Pictures of the lego machine gun

Having gotten some requests for plans for the lego machine gun, I thought I'd put a few more pictures of it on the website.  Hopefully, these will be enough for your to build your own.

lego machine gun
This is the best view of the mechanism.  The crank is turned clockwise.  This causes the large gear on the left to turn counterclockwise, and the small pinion engaged with the rack on the bolt to also turn counterclockwise.  The pinion pushes the bolt back, stretching the  rubber band.
The gun is fired by the lever on the very left 'falling' into one of the gaps between the little rivet-like legos stuck in the gear (there's two positions around the circumference without a piece in them).  When the lever is able to fall back, it pulls the lever on the front back, and disengages the pinion that pulls the rack.  The rack is then rapidly pulled back by the rubber band, ejecting the projectile out the back on the left.


This picture shows the gun immediately after having been fired.  You can see how the lever on the left, and the lever holding the pinions are both futher back.  The movement of the lever with the pinion on it is not that great, so that difference is harder to see.
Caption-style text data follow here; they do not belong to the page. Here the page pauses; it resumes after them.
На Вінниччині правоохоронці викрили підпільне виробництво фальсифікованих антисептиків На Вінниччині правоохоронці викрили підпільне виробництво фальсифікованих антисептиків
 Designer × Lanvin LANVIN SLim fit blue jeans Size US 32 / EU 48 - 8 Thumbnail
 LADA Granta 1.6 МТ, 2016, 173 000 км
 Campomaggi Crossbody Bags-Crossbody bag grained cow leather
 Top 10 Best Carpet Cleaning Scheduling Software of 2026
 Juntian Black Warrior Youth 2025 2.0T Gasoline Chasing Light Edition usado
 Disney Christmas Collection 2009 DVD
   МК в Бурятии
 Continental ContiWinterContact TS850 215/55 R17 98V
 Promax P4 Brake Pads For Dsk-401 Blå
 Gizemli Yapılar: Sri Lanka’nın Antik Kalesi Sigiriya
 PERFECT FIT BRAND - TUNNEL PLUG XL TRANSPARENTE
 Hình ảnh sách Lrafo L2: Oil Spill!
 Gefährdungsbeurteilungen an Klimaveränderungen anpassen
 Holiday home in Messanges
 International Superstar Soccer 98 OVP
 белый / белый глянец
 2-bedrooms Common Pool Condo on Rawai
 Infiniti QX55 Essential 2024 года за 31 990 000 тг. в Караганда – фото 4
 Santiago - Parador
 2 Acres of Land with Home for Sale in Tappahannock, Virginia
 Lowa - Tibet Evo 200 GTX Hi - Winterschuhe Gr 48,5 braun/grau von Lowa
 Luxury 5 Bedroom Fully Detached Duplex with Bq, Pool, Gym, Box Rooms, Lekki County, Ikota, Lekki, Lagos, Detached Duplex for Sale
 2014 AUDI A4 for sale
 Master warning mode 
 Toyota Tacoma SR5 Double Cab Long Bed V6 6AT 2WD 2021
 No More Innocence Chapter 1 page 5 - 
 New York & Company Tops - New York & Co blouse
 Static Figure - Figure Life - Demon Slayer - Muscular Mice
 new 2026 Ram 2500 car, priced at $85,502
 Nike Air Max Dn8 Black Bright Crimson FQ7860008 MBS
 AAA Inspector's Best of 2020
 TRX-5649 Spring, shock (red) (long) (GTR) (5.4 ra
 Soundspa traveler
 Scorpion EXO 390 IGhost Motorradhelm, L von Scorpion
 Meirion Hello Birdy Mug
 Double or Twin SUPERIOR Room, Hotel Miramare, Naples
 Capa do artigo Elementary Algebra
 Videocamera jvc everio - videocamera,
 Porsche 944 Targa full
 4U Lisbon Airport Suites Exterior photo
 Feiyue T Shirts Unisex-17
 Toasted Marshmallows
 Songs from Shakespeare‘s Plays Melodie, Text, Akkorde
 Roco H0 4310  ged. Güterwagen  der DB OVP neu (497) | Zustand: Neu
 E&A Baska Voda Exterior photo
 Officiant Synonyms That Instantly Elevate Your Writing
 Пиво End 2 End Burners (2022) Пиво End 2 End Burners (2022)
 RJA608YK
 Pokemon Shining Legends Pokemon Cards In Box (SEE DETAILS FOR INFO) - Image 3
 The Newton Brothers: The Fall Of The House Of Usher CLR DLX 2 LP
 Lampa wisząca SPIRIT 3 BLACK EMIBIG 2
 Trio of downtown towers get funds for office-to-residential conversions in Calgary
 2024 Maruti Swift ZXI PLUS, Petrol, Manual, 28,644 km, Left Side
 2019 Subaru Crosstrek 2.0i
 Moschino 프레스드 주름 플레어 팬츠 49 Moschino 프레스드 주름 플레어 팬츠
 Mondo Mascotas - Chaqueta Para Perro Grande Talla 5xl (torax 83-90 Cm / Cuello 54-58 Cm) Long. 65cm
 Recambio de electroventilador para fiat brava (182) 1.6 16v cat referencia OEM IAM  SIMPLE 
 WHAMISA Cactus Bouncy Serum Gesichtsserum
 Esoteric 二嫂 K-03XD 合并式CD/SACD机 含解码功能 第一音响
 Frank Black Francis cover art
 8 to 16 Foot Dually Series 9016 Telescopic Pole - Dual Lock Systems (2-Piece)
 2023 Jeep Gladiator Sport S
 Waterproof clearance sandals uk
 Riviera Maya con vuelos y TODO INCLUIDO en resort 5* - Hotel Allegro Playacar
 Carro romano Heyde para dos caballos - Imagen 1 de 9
Also note the red rubber band.  This rubber band causes the pinion to disengage, while the black rubber band towards the bottom left causes it to disengage.  The black rubber band needs to be much tighter than the red one, because it needs to overpower the red one, as well as yank the pinion, which is jammed against the rack on the bolt, out of the rack.



This picture shows the gun from the other side.  Here you can see two small gears tha couple the main drive shaft with the hand crank on it to the pinion that pushes the bolt back.  The shaft with the crank on it is also the shaft used for the pivot for disengaging the pinion.  This way, the two gears coupling the drive shaft to the pinion always stay the same distance apart.



This is the gun with the magazine removed.  The piece with the rack on it is the bolt, in the 'fired' position.  The smooth tiles just in front of it are for the projectile to slide out smoothly without jamming on anything.  Also note that I used the pieces with the horizontal holes through them even where there is nothing going through them.  This is because those pieces actually hold together slightly better than the regular legos.

I built this lego gun back in 1998, before people had digital cameras, and way before YouTube. I took the photos with my Scanning camera hack.

A YouTube user by the name of Billy Glen has since built his own version of the machine gun based on the picturs and refined it further. He has posted a cool video of the gun in action on YouTube. Too bad about the soundtrack.